Created as sf_policy:

{
    "Version": "2012-10-17",
    "Statement": [
        {
            "Effect": "Allow",
            "Action": [
                "s3:PutObject",
                "s3:GetObject",
                "s3:GetObjectVersion",
                "s3:DeleteObject",
                "s3:DeleteObjectVersion"
            ],
            "Resource": "arn:aws:s3:::snowflake-bucket-work/*"
        },
        {
            "Effect": "Allow",
            "Action": [
                "s3:ListBucket",
                "s3:GetBucketLocation"
            ],
            "Resource": "arn:aws:s3:::snowflake-bucket-work"
        }
    ]
}

Creating an IAM Role

Created as sf_role:

  • Select AWS account
  • Select another AWS account and temporarily enter your own AWS Account ID
    • Note: The trust relationship will be modified later to grant access to Snowflake
  • Click “Require external ID” and enter a dummy ID
    • The trust relationship will be modified later to specify the Snowflake stage’s external ID. An external ID is required to allow a third party (Snowflake) to access AWS resources (i.e., S3)
  • Attach the sf_policy created above

image-20220824142339311

image-20220824142551527

Creating Cloud Storage Integration on Snowflake Side

CREATE STORAGE INTEGRATION snowflake_and_s3_integration
  TYPE = EXTERNAL_STAGE
  STORAGE_PROVIDER = S3
  ENABLED = TRUE
  STORAGE_AWS_ROLE_ARN = 'arn:aws:iam::<AWS Account>:role/sf_role'
  STORAGE_ALLOWED_LOCATIONS = ('s3://snowflake-bucket-work/')
;

Note: Only account administrators (users with ACCOUNTADMIN role) or roles with global CREATE INTEGRATION privilege can execute this command.

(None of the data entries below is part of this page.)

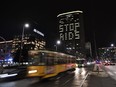 Some windows of the Pirelli tower are lighted to write the words "Stop AIDS", to commemorate the World Day of the Fight against AIDS on December 1, 2017 in Milan.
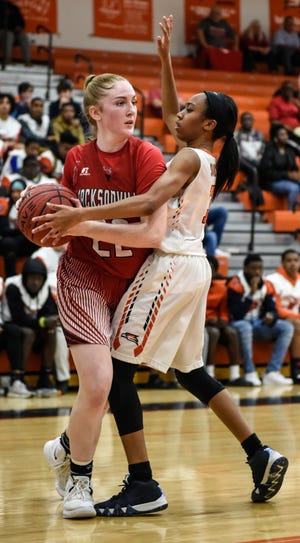 Jacksonville's Kelly Luck, left, fights through Southeast Guilford's Sydney Roberts during Tuesday night in the NCHSAA 3-A East Regional semifinal. [Jay Capers/Special to The Daily News]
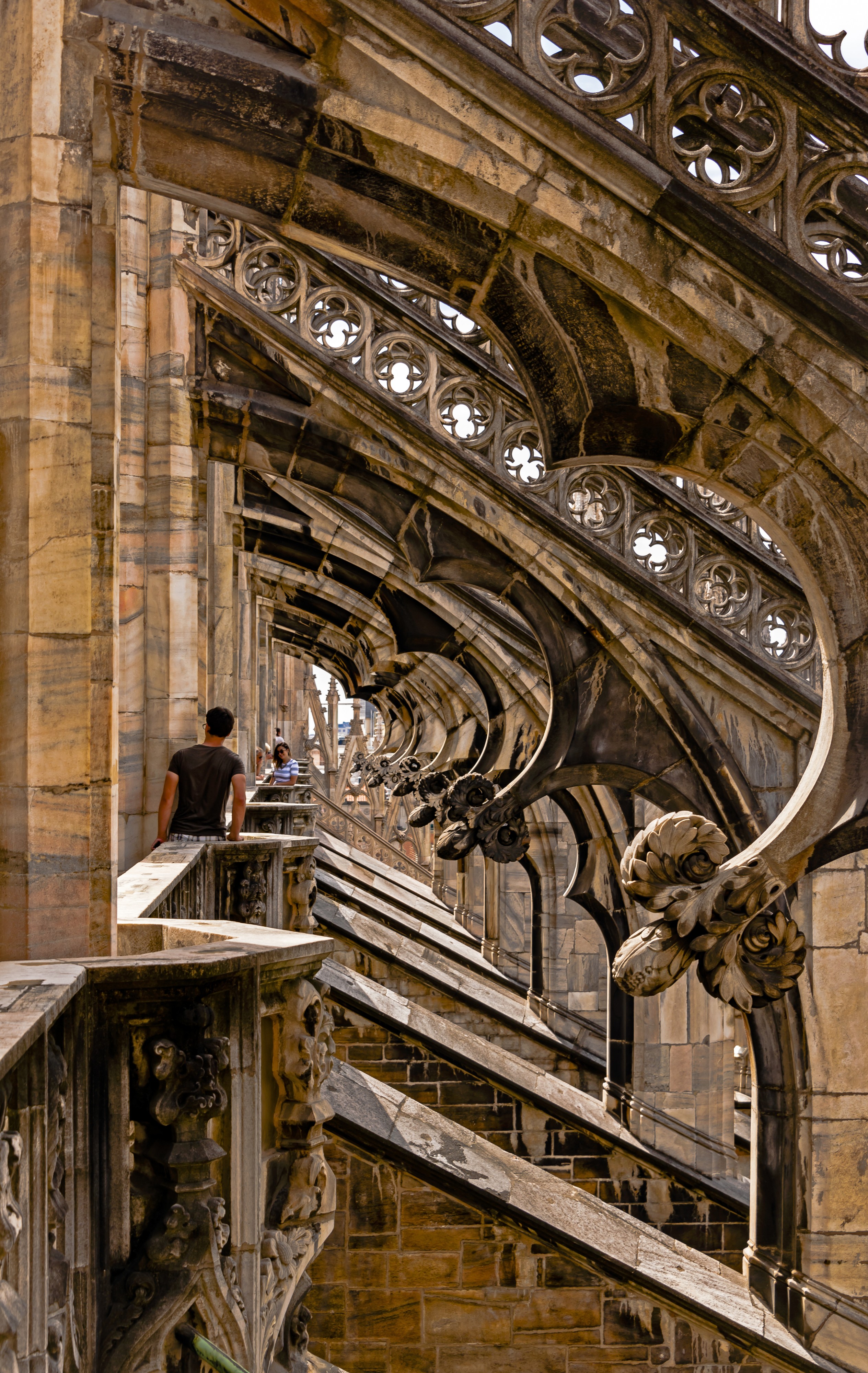 Tourists looking at flying buttresses on roof of Milan Duomo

zatoima#COMPUTE_WH@TESTDB.PUBLIC>CREATE STORAGE INTEGRATION snowflake_and_s3_integration
                                   TYPE = EXTERNAL_STAGE
                                   STORAGE_PROVIDER = S3
                                   ENABLED = TRUE
                                   STORAGE_AWS_ROLE_ARN = 'arn:aws:iam::<AWS Account>:role/sf_role'
                                   STORAGE_ALLOWED_LOCATIONS = ('s3://snowflake-bucket-work/')
                                 ;
+----------------------------------------------------------------+
| status                                                         |
|----------------------------------------------------------------|
| Integration SNOWFLAKE_AND_S3_INTEGRATION successfully created. |
+----------------------------------------------------------------+
1 Row(s) produced. Time Elapsed: 1.015s
zatoima#COMPUTE_WH@TESTDB.PUBLIC>desc integration snowflake_and_s3_integration;
+---------------------------+---------------+------------------------------------------------+------------------+
| property                  | property_type | property_value                                 | property_default |
|---------------------------+---------------+------------------------------------------------+------------------|
| ENABLED                   | Boolean       | true                                           | false            |
| STORAGE_PROVIDER          | String        | S3                                             |                  |
| STORAGE_ALLOWED_LOCATIONS | List          | s3://snowflake-bucket-work/                    | []               |
| STORAGE_BLOCKED_LOCATIONS | List          |                                                | []               |
| STORAGE_AWS_IAM_USER_ARN  | String        | arn:aws:iam::xxxxxxxxx:user/qvl6-s-jpss8756 |                  |
| STORAGE_AWS_ROLE_ARN      | String        | arn:aws:iam::<AWS Account>:role/sf_role         |                  |
| STORAGE_AWS_EXTERNAL_ID   | String        | <Snowflake Account>_SFCRole=3_ZGmPmtzjlkklddeysL+zqym2qW8= |                  |
| COMMENT                   | String        |                                                |                  |
+---------------------------+---------------+------------------------------------------------+------------------+
8 Row(s) produced. Time Elapsed: 0.713s
zatoima#COMPUTE_WH@TESTDB.PUBLIC>

Note the values of STORAGE_AWS_IAM_USER_ARN and STORAGE_AWS_EXTERNAL_ID.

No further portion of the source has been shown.